NBS: newborn screening, y: years, m: months, D: total stay days, d: stay days in intensive care, v: number of visits, a: metabolic and neurology investigations, b: 4 sessions per week, started at 8 months of age, c: 1 session/week for 2 years., d: 1 session every 2 weeks for 3 years, e: 5 sessions per week.
Discussion
Early diagnosis and adequate follow-up of IEM is important to reduce mortality and/or severity, and to delay or prevent the onset of incapacitating symptoms. Newborn screening for these disorders may lighten the social burden associated with irreversible effects of these diseases8,9, and a better outcome with fewer disabilities and lower mortality in patients at age six has been shown. 10
This rough comparison of costs associated with early screening versus late diagnosis of these inherited disorders is the first conducted in Lebanon. Our results are similar to those found in countries with much more sophisticated means of cost assessment 11 and more specific testing. 12
Savings are primarily attributable to avoided costs of medical care, and to benefits derived from the prevention of mental disability, which may partially or totally disrupt the future life and productivity of patients.9,13 For instance, an early detected, well- managed maple syrup urine disease or methylmalonic acidemia patient in Lebanon may lead a virtually normal life, can hold a job during adult life, and earn at least the legal minimal wage of 5,400 USD 14 for each fully productive year with a normal life-expectancy of 69 years. Our estimates did not include benefits realized when early screening leads to saving a life in the perinatal period. Estimating the monetary value of a life is an actuarial exercise which usually includes several arbitrary assumptions, and this has never been attempted using the Lebanese population. While recognizing the importance of this element of benefit, we did not attempt to quantify the value of a life saved. 15 Similarly, indirect savings realized by caregivers when no personal income is lost while caring for sick children, or savings realized from avoidance of moral and emotional discomfort associated with long-term disabilities were not included in the calculation. 16 If these indirect costs were also considered, there are likely to be substantial benefits associated with early detection.

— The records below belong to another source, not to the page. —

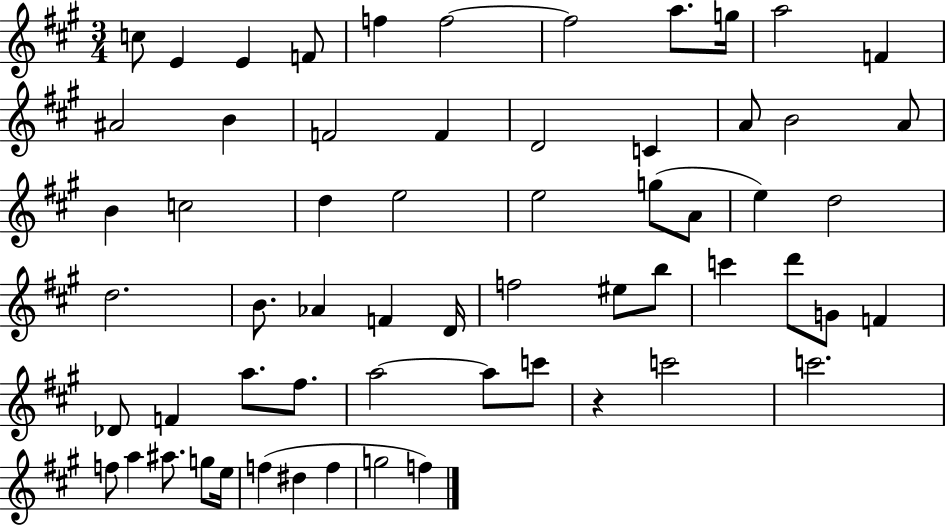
{
  \clef treble
  \numericTimeSignature
  \time 3/4
  \key a \major
  c''8 e'4 e'4 f'8 | f''4 f''2~~ | f''2 a''8. g''16 | a''2 f'4 | \break ais'2 b'4 | f'2 f'4 | d'2 c'4 | a'8 b'2 a'8 | \break b'4 c''2 | d''4 e''2 | e''2 g''8( a'8 | e''4) d''2 | \break d''2. | b'8. aes'4 f'4 d'16 | f''2 eis''8 b''8 | c'''4 d'''8 g'8 f'4 | \break des'8 f'4 a''8. fis''8. | a''2~~ a''8 c'''8 | r4 c'''2 | c'''2. | \break f''8 a''4 ais''8. g''8 e''16 | f''4( dis''4 f''4 | g''2 f''4) | \bar "|."
}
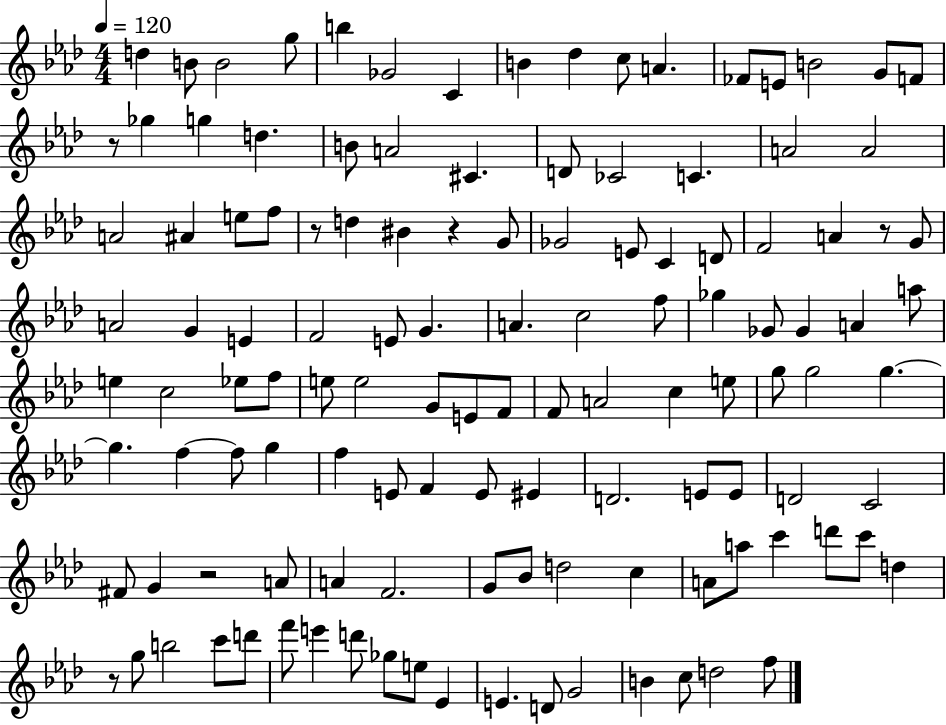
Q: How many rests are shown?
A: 6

In developed countries with expanded newborn screening, the reported incidence of IEM cases diagnosed after detection by MS/MS is about 1 in 4,300 screened. 17 In countries with high rates of consanguineous marriages such as Lebanon (35,5%) 18 , where incidence of IEM diagnosed by MSMS reaches 1 in 1482, nationwide newborn screening becomes essential. Ideally such a programme should be Government funded, however, the national healthcare system in Lebanon covers only basic immunization. Screening at birth could be adopted nationally, and reimbursement mandated through social security or private insurance schemes (as has happened with breast cancer screening, which is now reimbursed by most insurers). For those without insurance cover, direct funding from the ministry of public health may be necessary.
This analysis shows that newborn screening for IEM may be considered economically beneficial, despite the relative rarity of these diseases. It supports previous economic analyses of similar programmes showing that screening is cost-effective. Patient advocacy and other concerned civil activist groups should be encouraged to revive their demands for mandatory universal publicly funded newborn screening for IEM in developing countries of the MENA region.
Footnotes
Acknowledgement
This study was partially funded by the Caisse Nationale de Recherche Scientifique in Lebanon, and by special funds from Saint Joseph University.
Declaration of conflicting interests
The authors have no conflict of interest to declare.